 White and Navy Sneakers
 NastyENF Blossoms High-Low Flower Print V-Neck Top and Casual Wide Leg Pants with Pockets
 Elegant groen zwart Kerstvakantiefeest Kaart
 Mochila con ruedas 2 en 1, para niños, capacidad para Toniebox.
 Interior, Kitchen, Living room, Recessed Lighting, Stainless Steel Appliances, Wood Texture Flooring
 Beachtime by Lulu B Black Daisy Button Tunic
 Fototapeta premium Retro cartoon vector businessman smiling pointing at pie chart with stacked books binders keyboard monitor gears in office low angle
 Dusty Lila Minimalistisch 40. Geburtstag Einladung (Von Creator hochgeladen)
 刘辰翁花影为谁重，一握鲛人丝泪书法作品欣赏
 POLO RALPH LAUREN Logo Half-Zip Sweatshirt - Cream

※

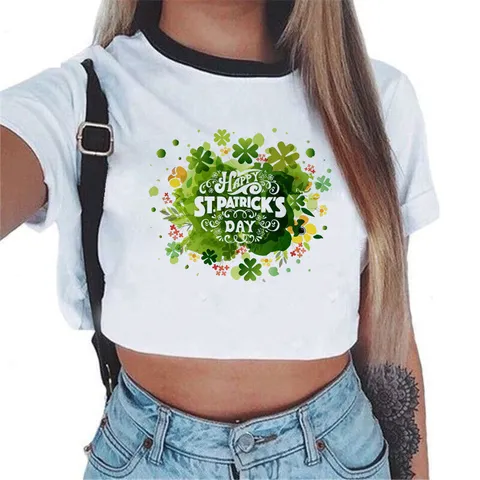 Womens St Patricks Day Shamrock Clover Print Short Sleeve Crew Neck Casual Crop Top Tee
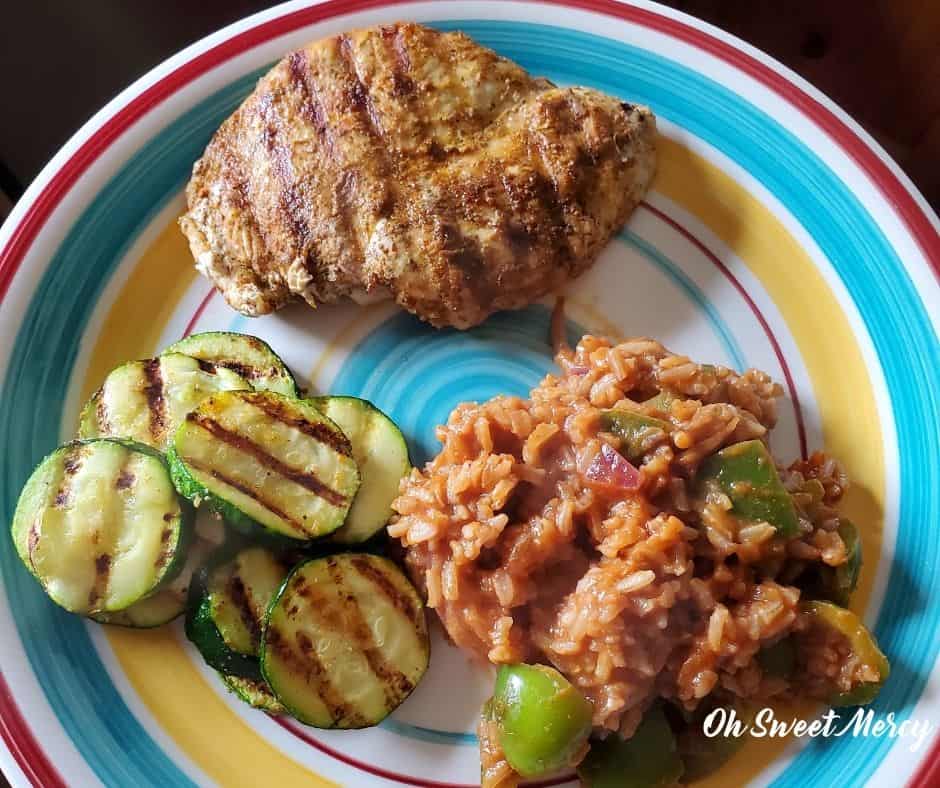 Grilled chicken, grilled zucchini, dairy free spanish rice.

※

**REQUIRED WORK:**
Output, from the data above, the lines from the line with "NastyENF Blossoms High-Low" to the line with "POLO RALPH LAUREN" exactly as they stand, both ends included and nothing else.

**RESULT BELOW:**
 NastyENF Blossoms High-Low Flower Print V-Neck Top and Casual Wide Leg Pants with Pockets
 Elegant groen zwart Kerstvakantiefeest Kaart
 Mochila con ruedas 2 en 1, para niños, capacidad para Toniebox.
 Interior, Kitchen, Living room, Recessed Lighting, Stainless Steel Appliances, Wood Texture Flooring
 Beachtime by Lulu B Black Daisy Button Tunic
 Fototapeta premium Retro cartoon vector businessman smiling pointing at pie chart with stacked books binders keyboard monitor gears in office low angle
 Dusty Lila Minimalistisch 40. Geburtstag Einladung (Von Creator hochgeladen)
 刘辰翁花影为谁重，一握鲛人丝泪书法作品欣赏
 POLO RALPH LAUREN Logo Half-Zip Sweatshirt - Cream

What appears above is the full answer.